Universities also offer frequent taster days or taster sessions which provides you with the experience of studying a specific course. 

Making an application

How to apply

Apply here, with UCAS  

The Furness college Buzzword is:  BSIXFC17

Applications open from the September of the year previous to when you start your course. In order to be considered, you must have sent your application by 18:00 on 15th January

Some Art and Design  courses  have a later deadline of 18:00 on 24th March, check with the universities that you are applying to on the deadline for your course if you are unsure.

5 top tips for applying

1. Use all 5 of your applications in order to help yourself secure a place. 

2. Start your application early, applying for university through the UCAS system  is a long and arduous process, start early in order to prevent yourself from rushing. 

3. Have your previous qualifications to hand, UCAS requires you to input the details of your qualifications, including the grade, date of award, and the examining body

4. Apply for the same, or similar courses rather than a range of subjects.
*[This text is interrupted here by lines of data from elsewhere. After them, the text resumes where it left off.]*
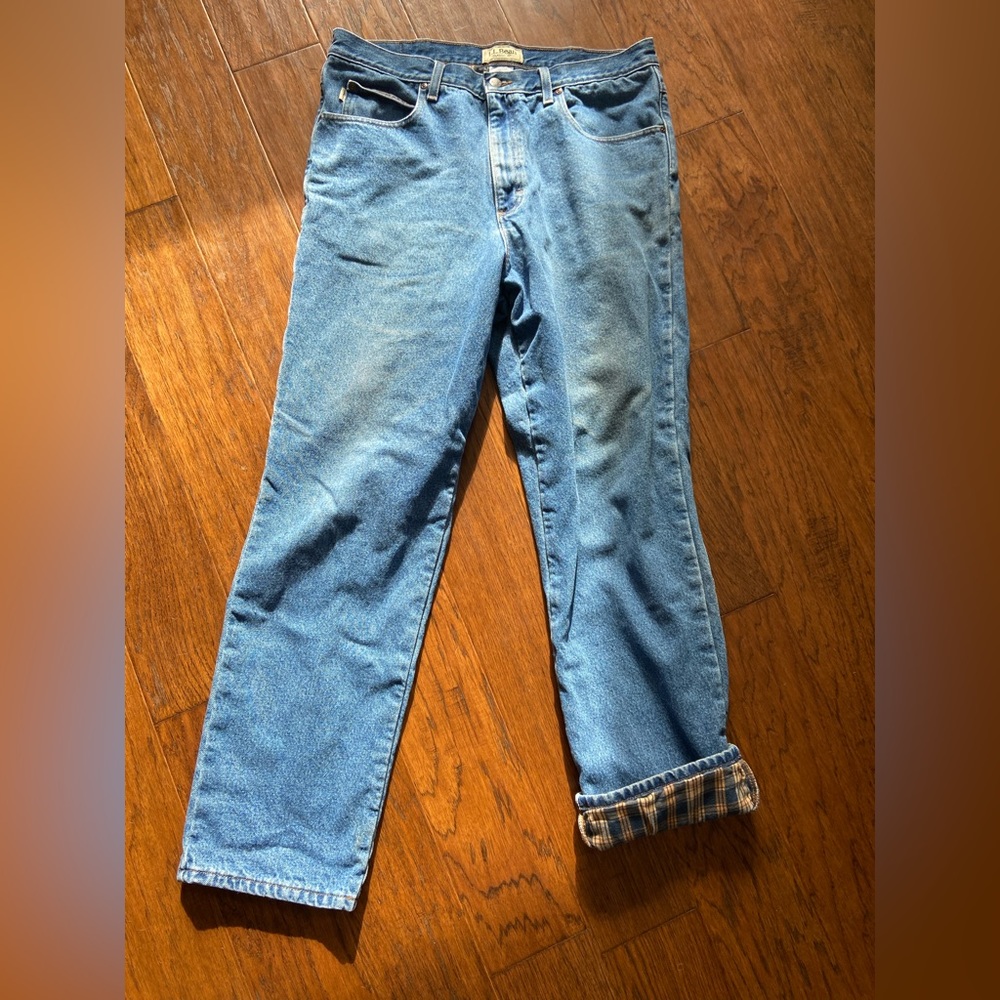 LL Bean classic fit jeans, flannel lined, GUC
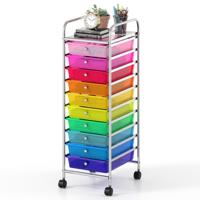 Rolwagen met 10 Laden Trolley met Verchroomd Metalen Frame en Afsluitbare Universele Wielen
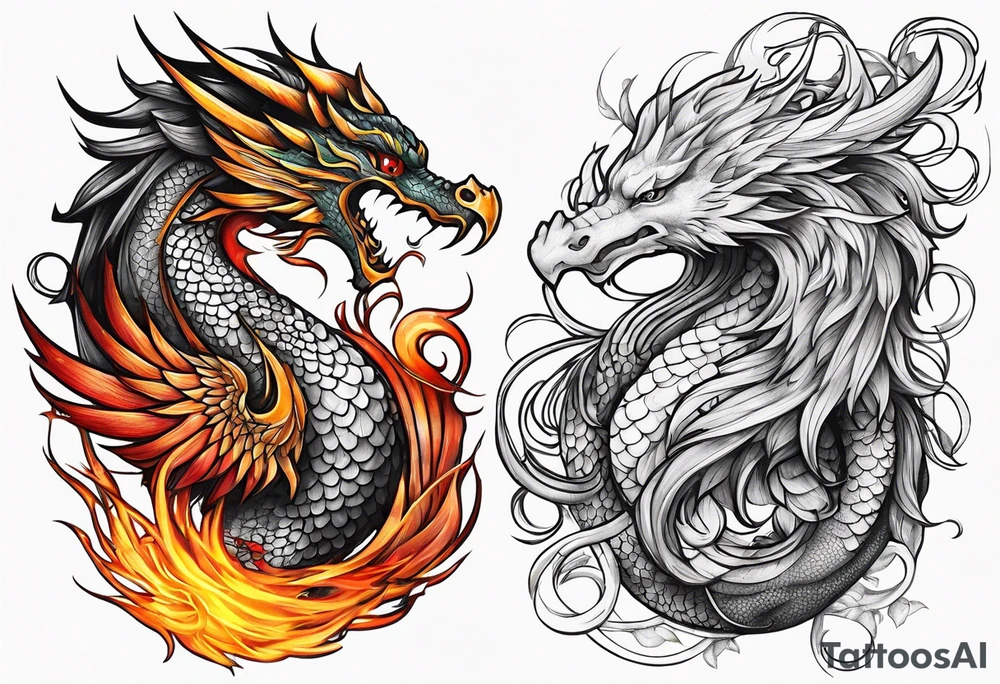 dragon and phoenix tattoo tattoo idea
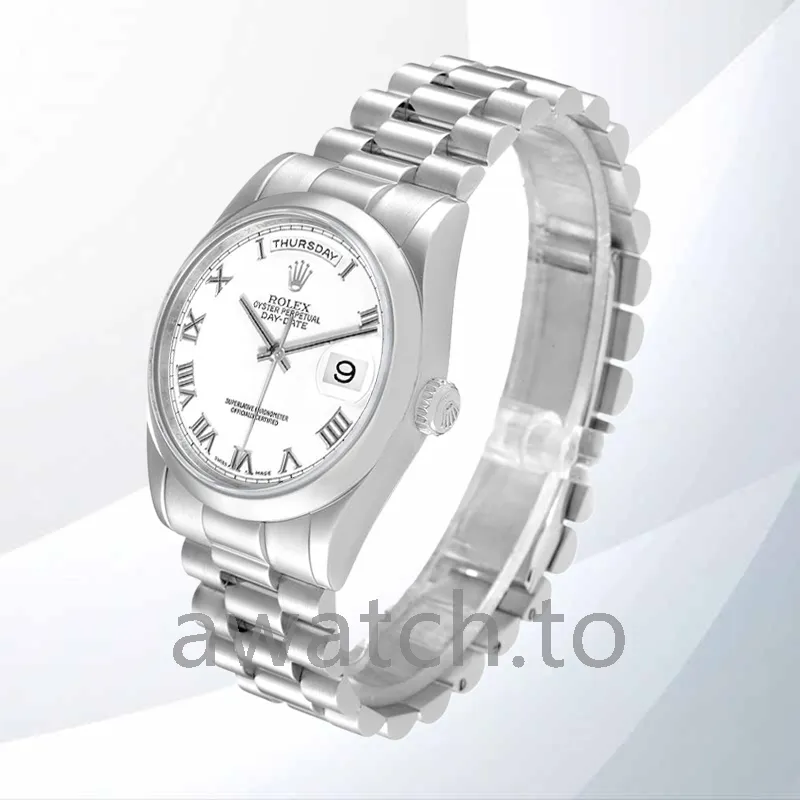 rolex day date 118206 0041 men's 36mm white dial silver tone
If your personal statement does not match the course that you are applying for admissions tutors will assume that you are not the right fit for the course. 
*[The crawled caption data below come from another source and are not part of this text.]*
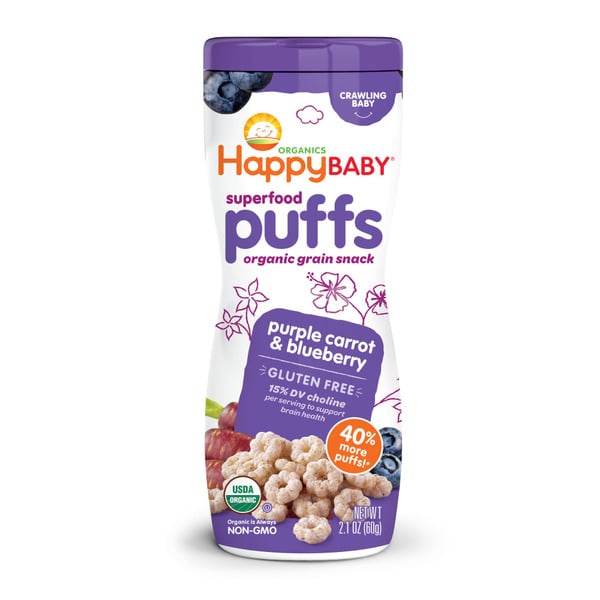 Baby Food & Formula Happy Baby Organics Gluten Free Superfood Puffs Organic Grain Snack Purple Carrot & Blueberry hero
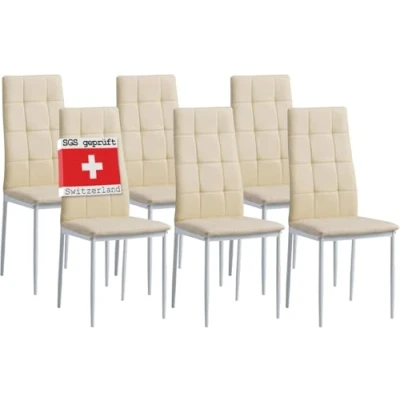 Afbeelding van Albatros Eetkamerstoelen Rimini in Set van 6, Beige Edele Italiaanse vormgeving kunstlederen bekleding, comfortabele gestoffeerde stoel Moderne keukenstoel, eetkamerstoel of eettafelstoel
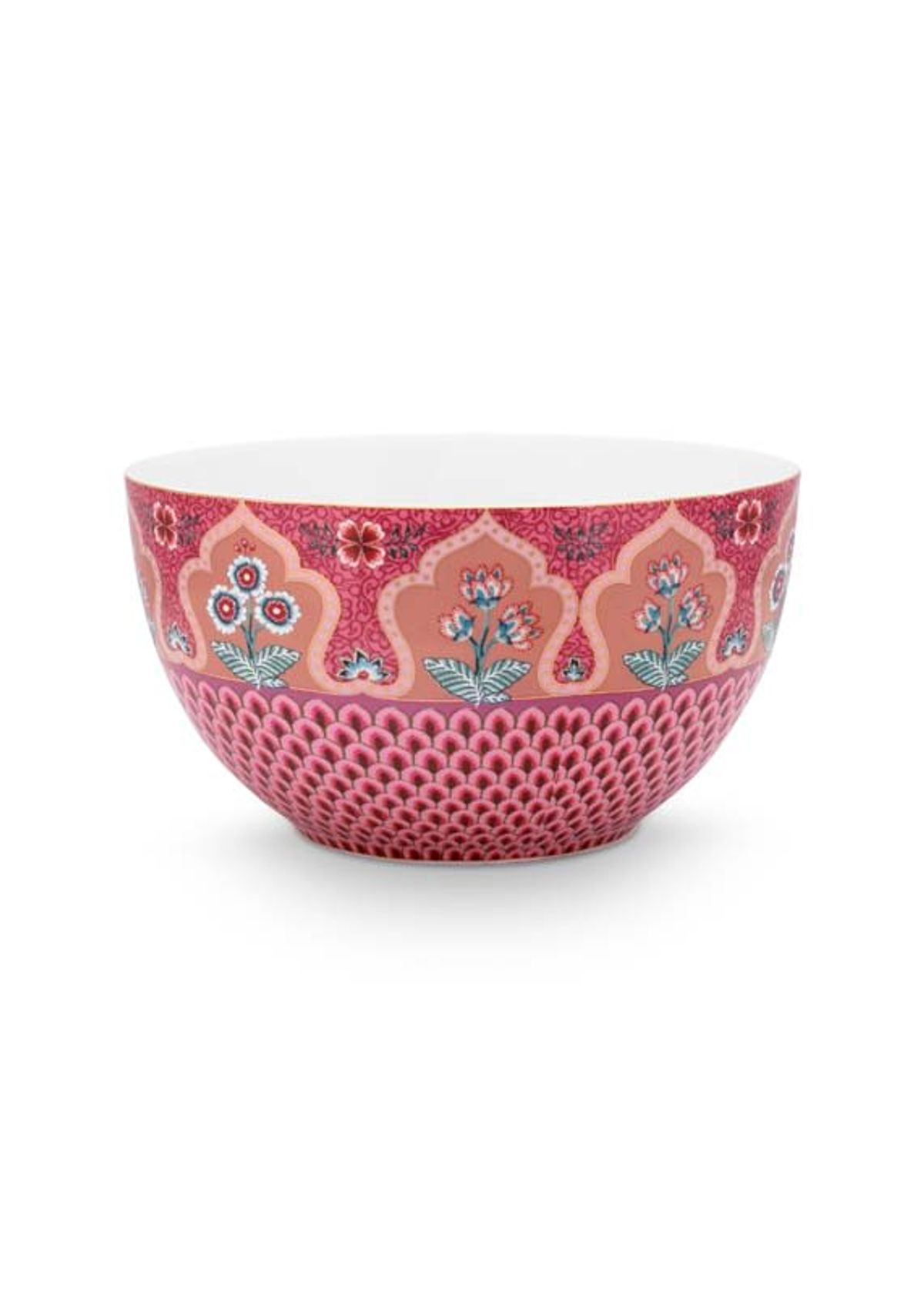 Bowl Flower Festival Scallop Deco Dark Pink 18cm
5. Be realistic. Apply to a range of institutions with a range of entry requirements, but have these  be inline with your predicted grades.

What to include

         Personal details

  • Your name, date of birth, place of birth, address and contact details 
  • Whether you are categorised as having a learning difficulty or disability
  • How you are planning on financing your studies 

Academic achievements 

  • The qualifications that you have completed or are yet to complete 
  • You will be required to provide the level, title/subject, and grade of the qualification, as well as the exam board. e.g. GCSE Maths, Grade C, Edexcel. 
  • Be completely honest about your previous and expected grades, you will be found out if you exaggerate claims.

Personal statement

An academic reference from your tutor(s)

The Personal Statement

Personal Statement

What admissions tutors are looking for: 

  • Motivation, interest, and enjoyment of the subject area. 
  • Understanding of the course content.  It is not  expected that you will know everything - otherwise there would be no reason for further study, but having some knowledge of the area helps to prove your interest and enthusiasm for the course. 
  • Someone who can positively  contribute to the  university community. 
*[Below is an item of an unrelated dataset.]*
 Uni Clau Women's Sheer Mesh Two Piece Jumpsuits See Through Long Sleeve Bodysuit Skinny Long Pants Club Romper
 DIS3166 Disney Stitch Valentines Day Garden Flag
Your UCAS personal statement must be 4,000 characters or under, this equates to around 47 lines of text, or 650 words.

What to include in your personal statement:

How to structure your personal statement:

  1. Introduction
  • Explain why you would want to study the course 

2. Main body of application 

  • Expand on the reasoning of your choice of course 
  • What is it about the subject that you like? 
  • How are your current studies relevant to your chosen subject? 
  • What relevant knowledge skills and qualities do you have? 
  • Do you have any relevant work experience, what skills or knowledge have you obtained or developed from this? 
  • What other activities or hobbies do you take part in? 
  • What are your career plans?
  • If you are deferring your entry, explain why

3. Conclusion 

  • Provide a strong, positive and clear conclusion which ties up everything that you have previously mentioned in your personal statement. 
  • With being at the end of your personal statement, the conclusion will be what sticks in the mind of admissions  tutors, make it memorable! 

Do's and don'ts

Personal Statement do's 

  • Make sure your personal statement is relevant to your choices. 
  • Try not to overuse 'I' at the start of sentences. 
  • Provide examples to back up what you are saying. Focus particularly on demonstrating your teamwork, communication and academic skills. 
  • Start early, this gives you plenty of time for several drafts. 
  • Ask people to read it, and take their advice on board. 
  • Be positive.


Personal Statement don'ts 

  • Try and use fancy language.  
  • Make simple mistakes -  Check your spelling and punctuation! 
  • Make things up or exaggerate to make yourself look better. These could come up in your interview. 
  • Copy someone else's personal statement. UCAS has similarity detection software,  which will catch  anyone who plagiarises.